* **WORK ORDER**
All of the records should be restated word for word.

[INPUT MATERIAL Boundary: Start]

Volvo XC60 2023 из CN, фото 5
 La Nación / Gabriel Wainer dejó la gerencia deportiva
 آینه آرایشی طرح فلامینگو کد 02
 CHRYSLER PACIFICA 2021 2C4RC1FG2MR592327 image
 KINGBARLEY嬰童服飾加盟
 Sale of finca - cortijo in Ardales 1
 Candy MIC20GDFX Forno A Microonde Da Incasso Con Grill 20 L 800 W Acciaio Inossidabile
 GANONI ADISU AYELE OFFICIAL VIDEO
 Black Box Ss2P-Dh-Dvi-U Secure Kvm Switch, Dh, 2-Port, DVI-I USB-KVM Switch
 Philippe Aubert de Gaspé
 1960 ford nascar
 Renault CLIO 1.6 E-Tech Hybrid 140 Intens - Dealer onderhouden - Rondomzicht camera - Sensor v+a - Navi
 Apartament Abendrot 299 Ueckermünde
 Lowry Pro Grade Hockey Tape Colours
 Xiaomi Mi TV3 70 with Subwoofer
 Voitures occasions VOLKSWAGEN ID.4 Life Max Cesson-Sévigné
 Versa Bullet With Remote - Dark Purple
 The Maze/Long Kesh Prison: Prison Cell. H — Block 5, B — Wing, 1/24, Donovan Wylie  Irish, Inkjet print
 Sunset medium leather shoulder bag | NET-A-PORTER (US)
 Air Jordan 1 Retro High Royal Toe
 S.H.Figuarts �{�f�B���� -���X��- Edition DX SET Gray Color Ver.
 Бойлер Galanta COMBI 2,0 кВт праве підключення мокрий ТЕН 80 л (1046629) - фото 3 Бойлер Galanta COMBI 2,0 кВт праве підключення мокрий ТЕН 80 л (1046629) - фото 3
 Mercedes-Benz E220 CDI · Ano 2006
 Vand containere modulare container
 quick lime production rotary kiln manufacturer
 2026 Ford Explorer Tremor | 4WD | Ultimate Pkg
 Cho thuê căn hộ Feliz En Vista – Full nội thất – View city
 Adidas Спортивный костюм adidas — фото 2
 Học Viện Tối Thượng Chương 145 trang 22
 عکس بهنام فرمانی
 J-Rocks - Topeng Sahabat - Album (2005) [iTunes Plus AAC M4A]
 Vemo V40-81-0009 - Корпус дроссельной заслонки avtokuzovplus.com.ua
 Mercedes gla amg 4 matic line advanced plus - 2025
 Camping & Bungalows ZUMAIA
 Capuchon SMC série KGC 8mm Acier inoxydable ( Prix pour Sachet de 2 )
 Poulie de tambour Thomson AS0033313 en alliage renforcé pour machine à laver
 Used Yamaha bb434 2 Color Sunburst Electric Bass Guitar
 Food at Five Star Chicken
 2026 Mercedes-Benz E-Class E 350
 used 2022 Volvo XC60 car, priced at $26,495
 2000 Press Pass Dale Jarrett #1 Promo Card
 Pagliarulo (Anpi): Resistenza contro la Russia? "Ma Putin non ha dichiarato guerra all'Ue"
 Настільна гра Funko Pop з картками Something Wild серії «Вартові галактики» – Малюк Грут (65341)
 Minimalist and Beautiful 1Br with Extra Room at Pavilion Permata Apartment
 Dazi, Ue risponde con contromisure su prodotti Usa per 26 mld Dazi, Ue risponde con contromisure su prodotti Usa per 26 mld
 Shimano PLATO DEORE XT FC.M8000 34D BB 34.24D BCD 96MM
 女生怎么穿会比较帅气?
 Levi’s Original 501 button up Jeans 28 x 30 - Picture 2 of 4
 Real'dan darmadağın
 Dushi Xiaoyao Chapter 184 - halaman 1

[INPUT MATERIAL Boundary: End]

* **SOLUTION TO THIS TASK**
Volvo XC60 2023 из CN, фото 5
 La Nación / Gabriel Wainer dejó la gerencia deportiva
 آینه آرایشی طرح فلامینگو کد 02
 CHRYSLER PACIFICA 2021 2C4RC1FG2MR592327 image
 KINGBARLEY嬰童服飾加盟
 Sale of finca - cortijo in Ardales 1
 Candy MIC20GDFX Forno A Microonde Da Incasso Con Grill 20 L 800 W Acciaio Inossidabile
 GANONI ADISU AYELE OFFICIAL VIDEO
 Black Box Ss2P-Dh-Dvi-U Secure Kvm Switch, Dh, 2-Port, DVI-I USB-KVM Switch
 Philippe Aubert de Gaspé
 1960 ford nascar
 Renault CLIO 1.6 E-Tech Hybrid 140 Intens - Dealer onderhouden - Rondomzicht camera - Sensor v+a - Navi
 Apartament Abendrot 299 Ueckermünde
 Lowry Pro Grade Hockey Tape Colours
 Xiaomi Mi TV3 70 with Subwoofer
 Voitures occasions VOLKSWAGEN ID.4 Life Max Cesson-Sévigné
 Versa Bullet With Remote - Dark Purple
 The Maze/Long Kesh Prison: Prison Cell. H — Block 5, B — Wing, 1/24, Donovan Wylie  Irish, Inkjet print
 Sunset medium leather shoulder bag | NET-A-PORTER (US)
 Air Jordan 1 Retro High Royal Toe
 S.H.Figuarts �{�f�B���� -���X��- Edition DX SET Gray Color Ver.
 Бойлер Galanta COMBI 2,0 кВт праве підключення мокрий ТЕН 80 л (1046629) - фото 3 Бойлер Galanta COMBI 2,0 кВт праве підключення мокрий ТЕН 80 л (1046629) - фото 3
 Mercedes-Benz E220 CDI · Ano 2006
 Vand containere modulare container
 quick lime production rotary kiln manufacturer
 2026 Ford Explorer Tremor | 4WD | Ultimate Pkg
 Cho thuê căn hộ Feliz En Vista – Full nội thất – View city
 Adidas Спортивный костюм adidas — фото 2
 Học Viện Tối Thượng Chương 145 trang 22
 عکس بهنام فرمانی
 J-Rocks - Topeng Sahabat - Album (2005) [iTunes Plus AAC M4A]
 Vemo V40-81-0009 - Корпус дроссельной заслонки avtokuzovplus.com.ua
 Mercedes gla amg 4 matic line advanced plus - 2025
 Camping & Bungalows ZUMAIA
 Capuchon SMC série KGC 8mm Acier inoxydable ( Prix pour Sachet de 2 )
 Poulie de tambour Thomson AS0033313 en alliage renforcé pour machine à laver
 Used Yamaha bb434 2 Color Sunburst Electric Bass Guitar
 Food at Five Star Chicken
 2026 Mercedes-Benz E-Class E 350
 used 2022 Volvo XC60 car, priced at $26,495
 2000 Press Pass Dale Jarrett #1 Promo Card
 Pagliarulo (Anpi): Resistenza contro la Russia? "Ma Putin non ha dichiarato guerra all'Ue"
 Настільна гра Funko Pop з картками Something Wild серії «Вартові галактики» – Малюк Грут (65341)
 Minimalist and Beautiful 1Br with Extra Room at Pavilion Permata Apartment
 Dazi, Ue risponde con contromisure su prodotti Usa per 26 mld Dazi, Ue risponde con contromisure su prodotti Usa per 26 mld
 Shimano PLATO DEORE XT FC.M8000 34D BB 34.24D BCD 96MM
 女生怎么穿会比较帅气?
 Levi’s Original 501 button up Jeans 28 x 30 - Picture 2 of 4
 Real'dan darmadağın
 Dushi Xiaoyao Chapter 184 - halaman 1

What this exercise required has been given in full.